BEGIN Dataset excerpts
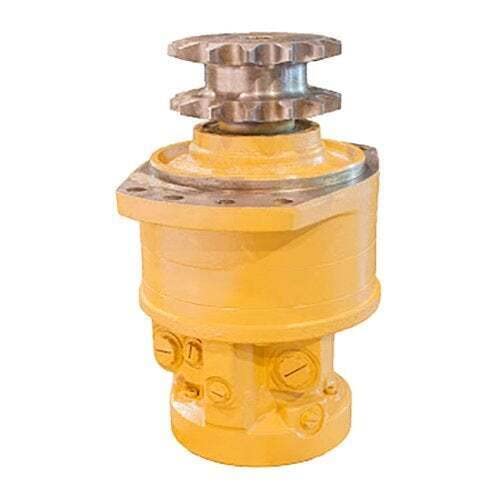 Solarhome New Left/Driver Hydraulic Motor 133966a Compatible with Gehl 4635SX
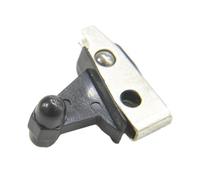 MERIGLARE Interruptor para Cortadora de Cabello Accesorio de Recambio para Trimmer Inalámbrico Repuesto Material Pp Adecuado para Reparación Profesional Hogar, negro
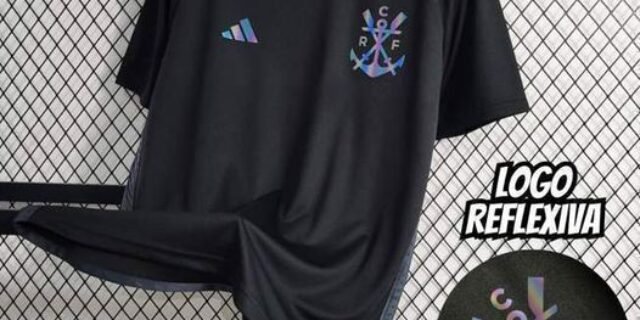 Camisa 3 Cr Flamengo 23/24 adidas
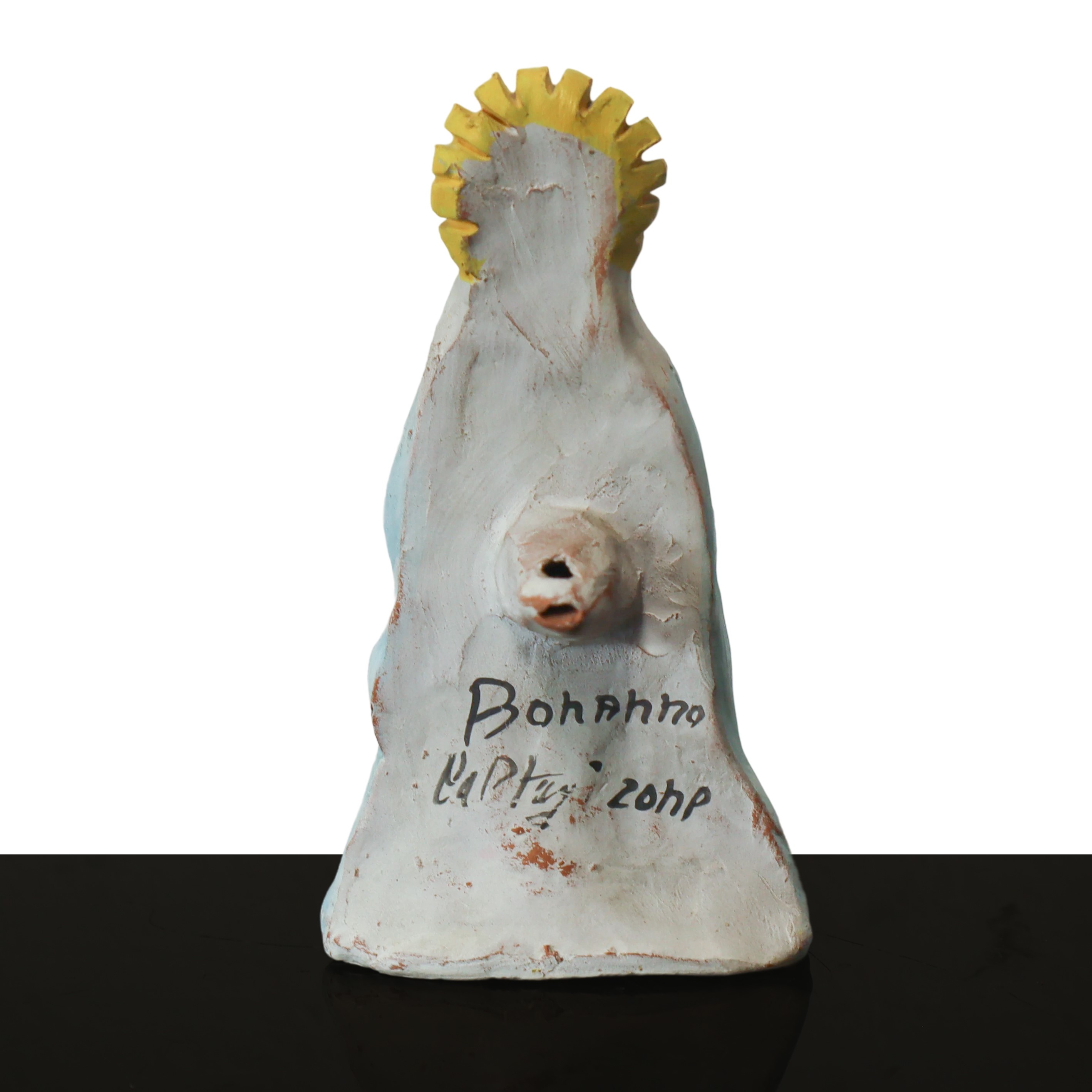 Ceramiche Bonanno - Fischietto a Guisa di Madonna
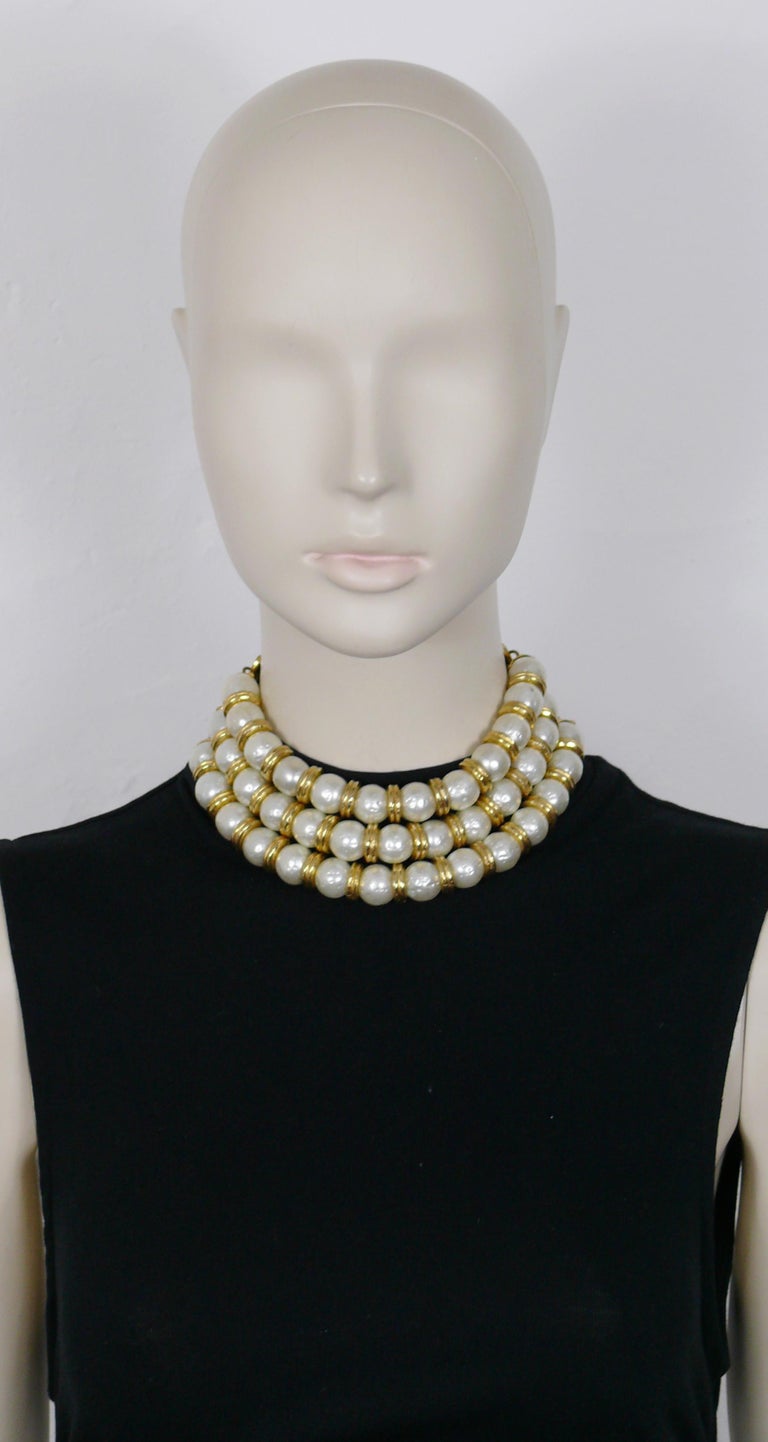Collar Vintage Eduard Rambaud - Collier De Créateur D'occasion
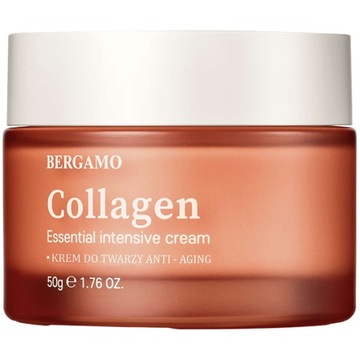 Bergamo collagen krem do twarzy z kolagenem anti-aging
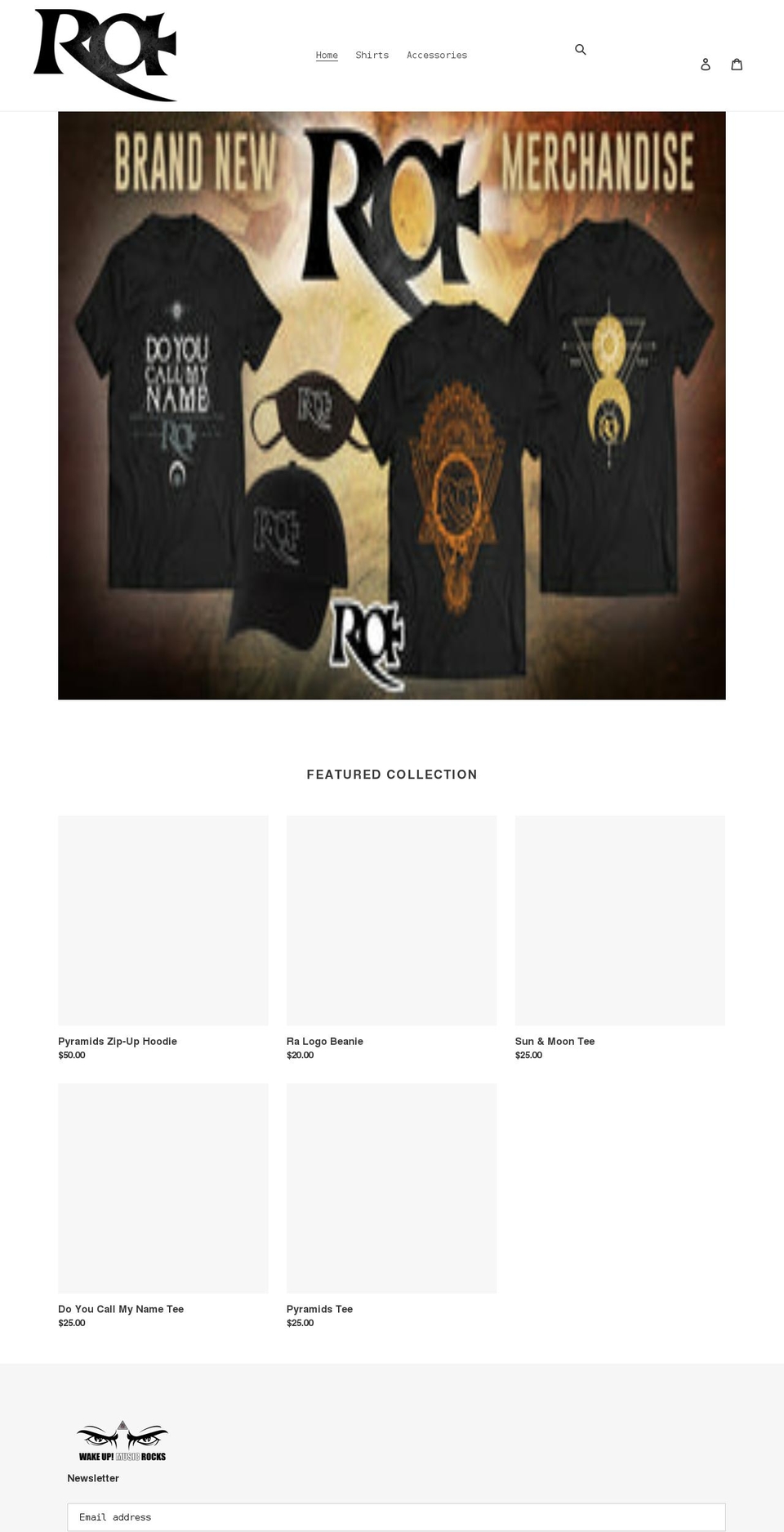 raband.myshopify.com shopify website screenshot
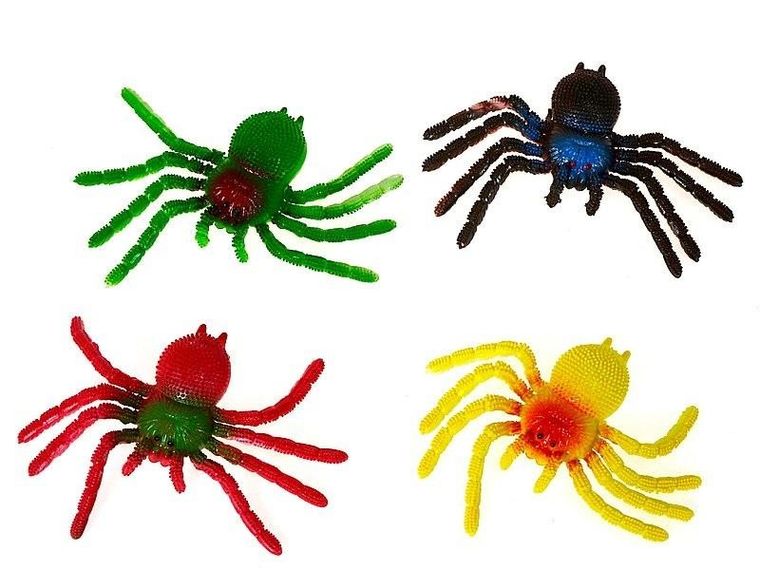 Adar, pająk, gumowy, 1 szt.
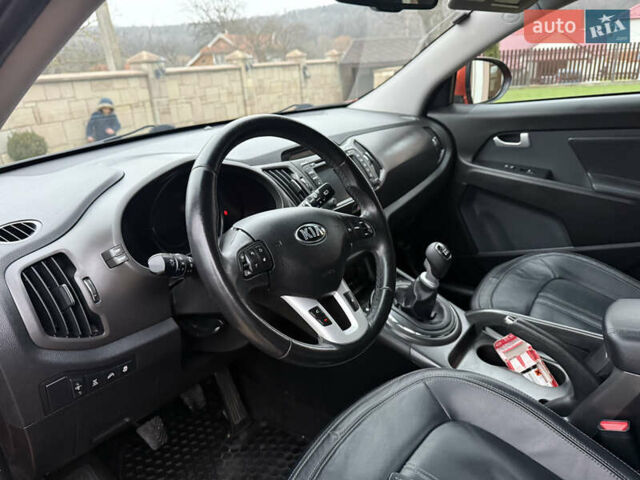 Оранжевый Киа Sportage, объемом двигателя 2 л и пробегом 195 тыс. км за 13850 $, фото 16 на Automoto.ua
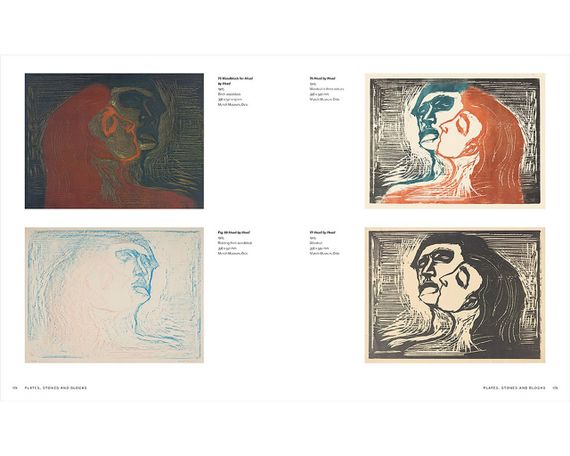 Книга про життя відомих художників живопис Едвард Мунк Edvard Munch: love and angst | Зображення 9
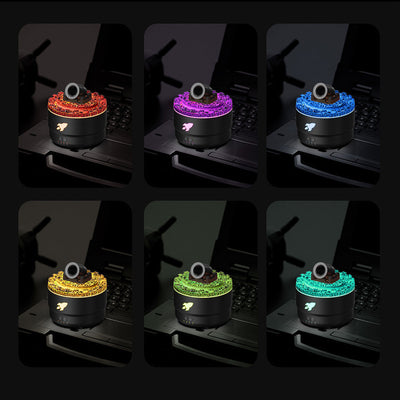 LavaLicht | Aroma Diffusor mit Nebel und Nachtlicht für entspannende Atmosphäre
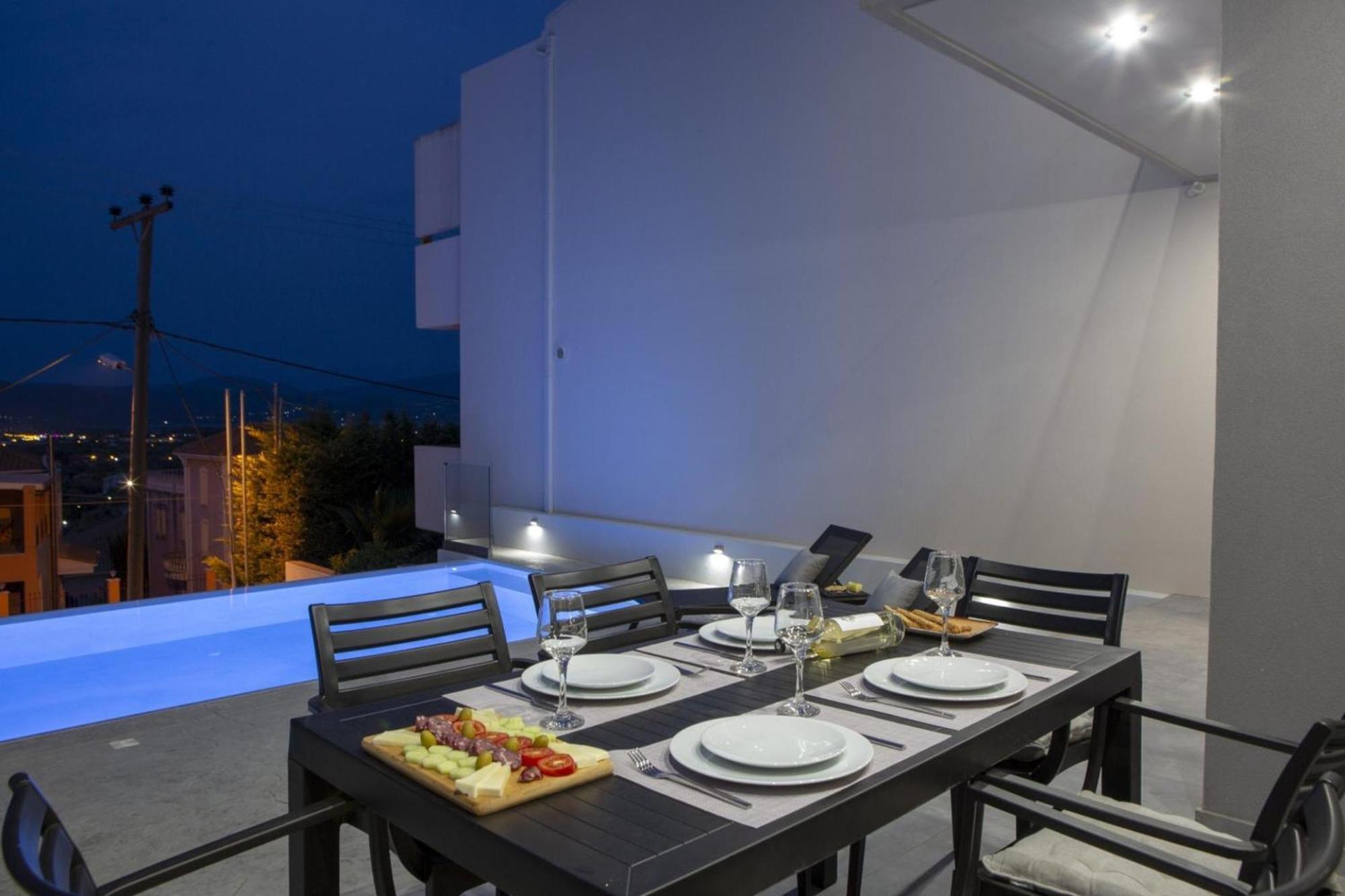 Aloft Luxury Villas Lefkada - Heated Pool Apolpaina Extérieur photo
END Dataset excerpts
Problem to solve: Your reply should be the lines of the records from the start through the line with "Bergamo collagen krem", copied word for word, pictures omitted.

Output for this exercise:
 Solarhome New Left/Driver Hydraulic Motor 133966a Compatible with Gehl 4635SX
 MERIGLARE Interruptor para Cortadora de Cabello Accesorio de Recambio para Trimmer Inalámbrico Repuesto Material Pp Adecuado para Reparación Profesional Hogar, negro
 Camisa 3 Cr Flamengo 23/24 adidas
 Ceramiche Bonanno - Fischietto a Guisa di Madonna
Collar Vintage Eduard Rambaud - Collier De Créateur D'occasion
 Bergamo collagen krem do twarzy z kolagenem anti-aging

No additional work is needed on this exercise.